# How to deal with intimidation from landlord re rental property next door?



## cmurphy01 (4 Jun 2011)

I am a neighbour of a rented house and went to PRTB after over 6 years complaints to landlord.  PRTB agreed with me and is now legal and binding as of 3 weeks ago.  Neighbours still as bad as ever and landlord of said house has sent his agent to let me know that if i bring future case against him he'll seek costs against me.  I know he's trying to intimidate me but as i'm low earner has anyone advice how to deal with this.  Going to citizens advice on Tues.


----------



## Sue Ellen (4 Jun 2011)

I would be inclined to speak to the local Community Garda and tell them that you feel that you are being intimidated and can they give you any advice.


----------



## PaddyBloggit (4 Jun 2011)

+1

As you're being intimidated & threatened make a formal complaint to Gardaí and make sure it's documented by them.

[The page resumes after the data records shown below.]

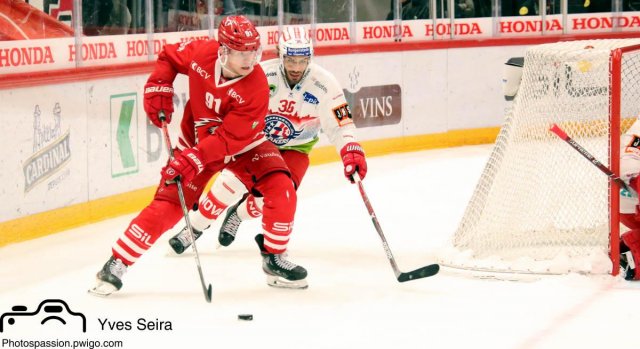 Photo hockey match Lausanne - Rapperswil-Jona le 28/01/2020
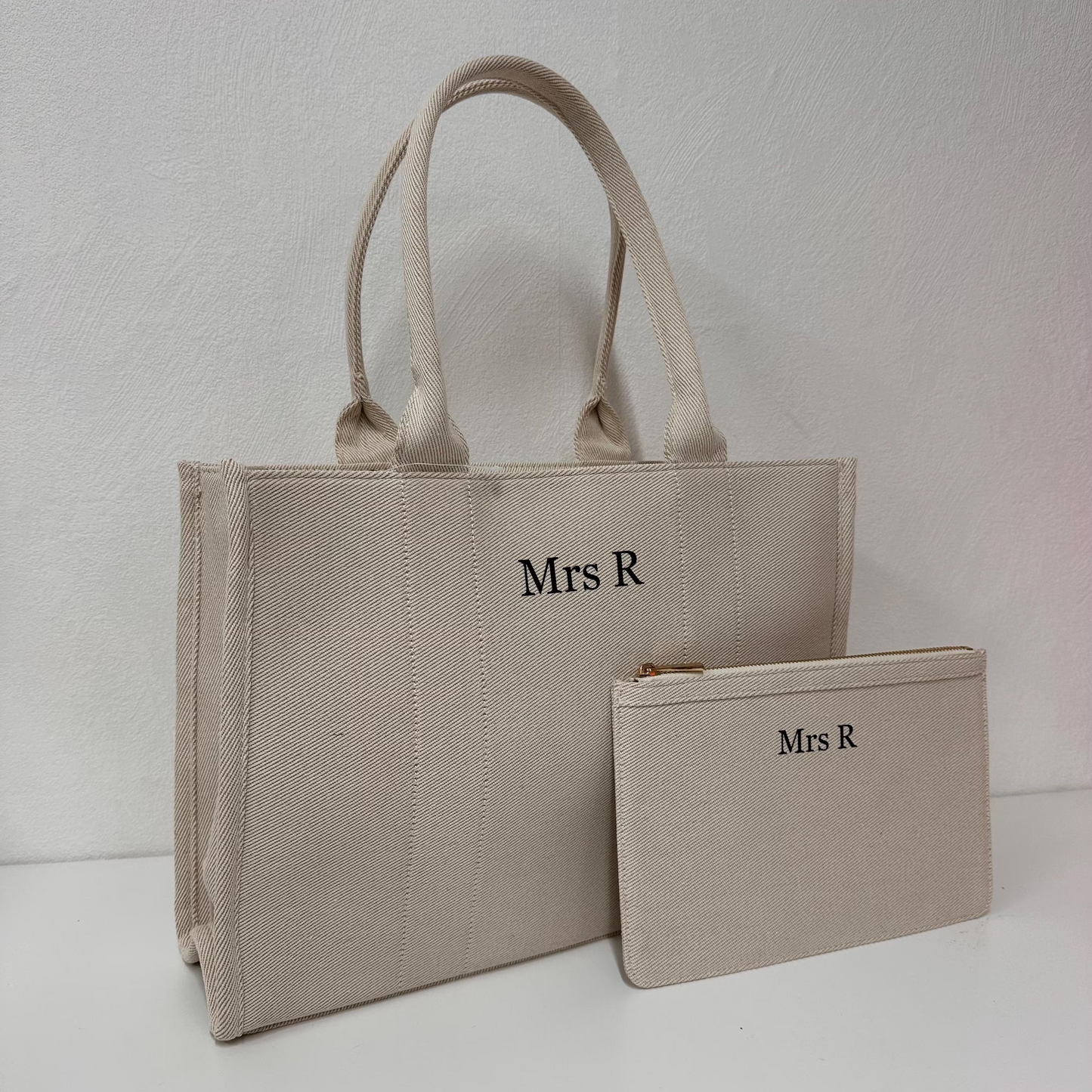 Large Zipped Tote Bag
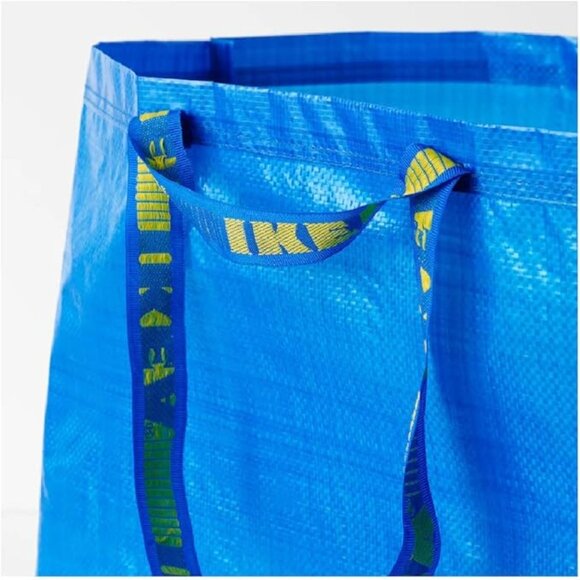 IKEA LARGE BLUE BAG 4-Pack FRAKTA Shopping Grocery Laundry Storage Tote - Picture 7 of 10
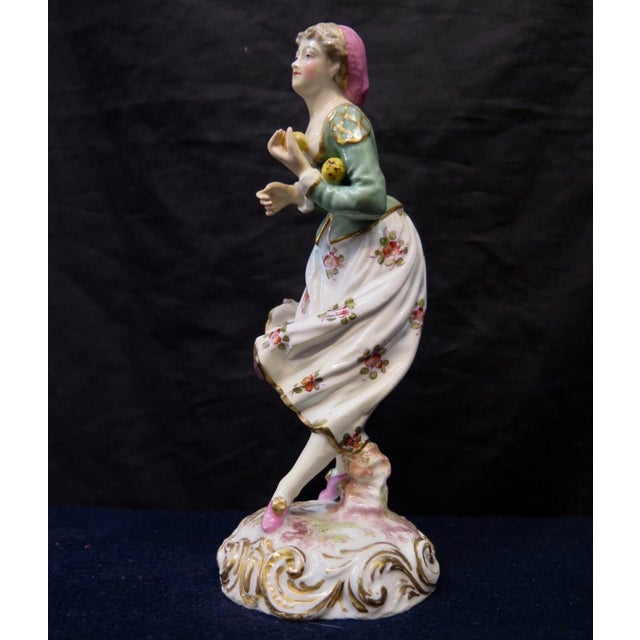 Vintage Meissen Porcelain Figure of a Woman For Sale In New York - Image 6 of 12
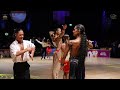 dutch open under 19 latin championship final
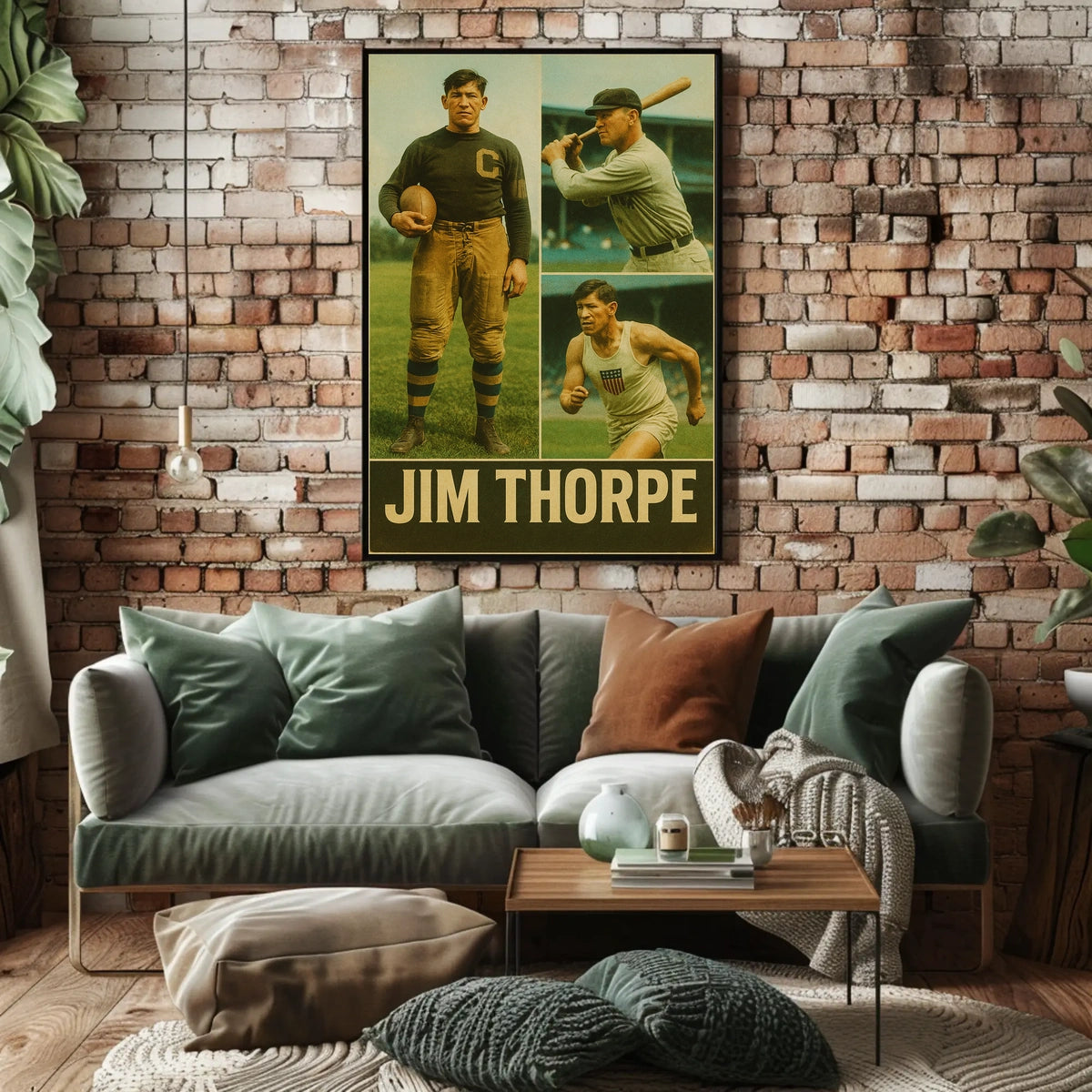 Jim Thorpe Legendary Athlete Poster
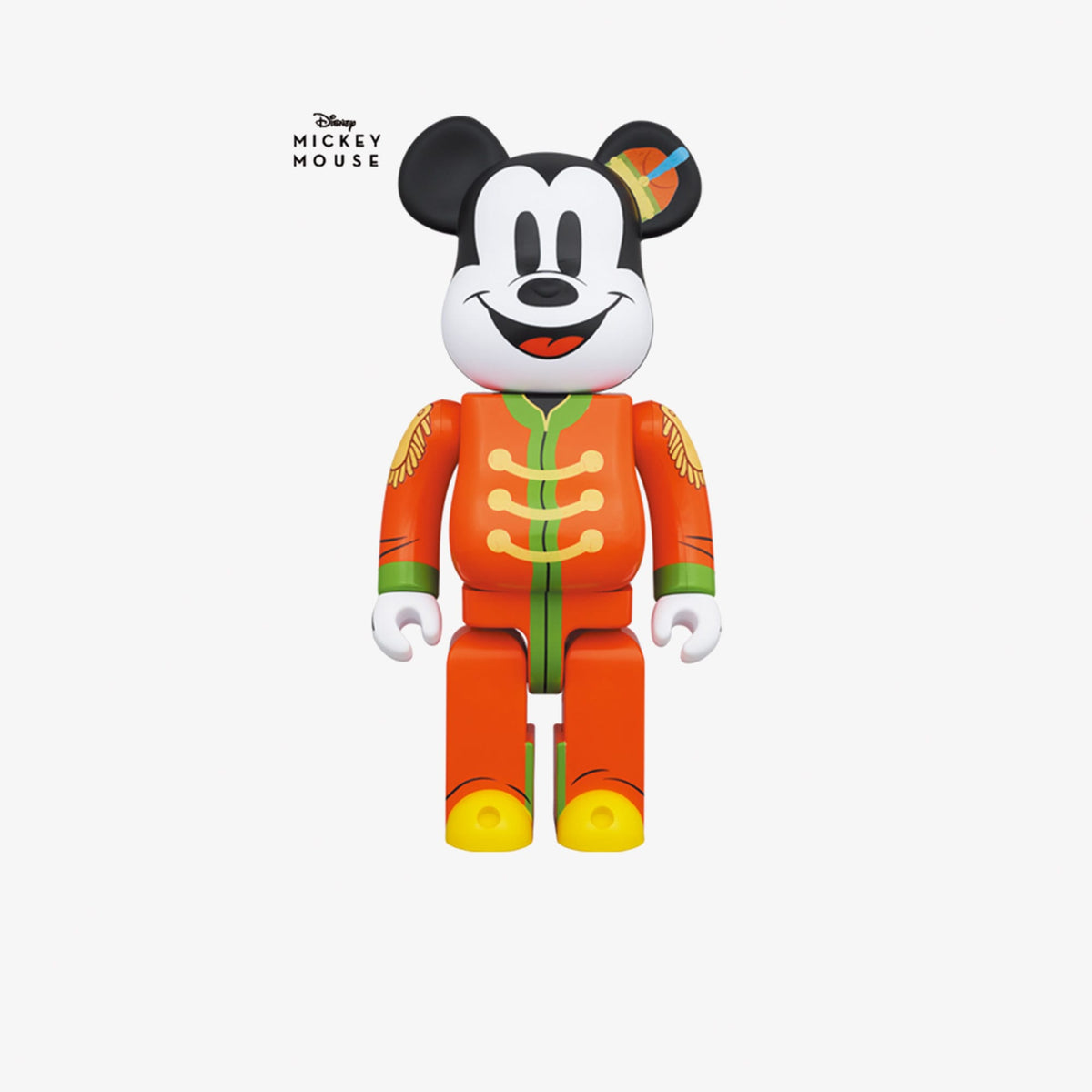 Bearbrick Mickey Mouse The Band Concert 70cm Renkli Figür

That behaviour is scandalous and you shouldn't tolerate it.


----------



## monagt (4 Jun 2011)

+1 this is intolerable.

Keep a Diary of every event, date, time, who, outcome, etc. This will make the work of the Gardai easier and will be essential in court.


----------



## Hans (6 Jun 2011)

If you ring the gardai as I did over a complaint my elderly relative had with a rented house next door. They were so good and didn't make me feel like a crank they gave me a case no (dont know if that is what it was called) but it was the number that I had to use anytime I had further complaints so they had record of the going ons. I must say I was surprised at the support I and my relative got from gardai but I would definitely go to them now.


----------



## Leo (7 Jun 2011)

Hans said:


> ...they gave me a case no (dont know if that is what it was called)


 
That's a PULSE numer. 
Leo


----------



## round1 (7 Jun 2011)

Can the the PRTB go any further with this as you have brought a successful third party case to them ?. I was wondering if  they have any role in enforcing the judgement in cases like this. Sounds like you have had years of hell.


----------



## roker (9 Jun 2011)

The Residential Tenanacy Act which is from the PRTB states: under Landlord conditions
not penalise tenants for making complaints or taking action to enforce their rights.


----------



## PaddyBloggit (9 Jun 2011)

It wasn't the tenant who complained .... it was the neighbour.


----------



## Seagull (9 Jun 2011)

Definitely contact the gardai, and it probably wouldn't hurt to let the PRTB know about it as well.


----------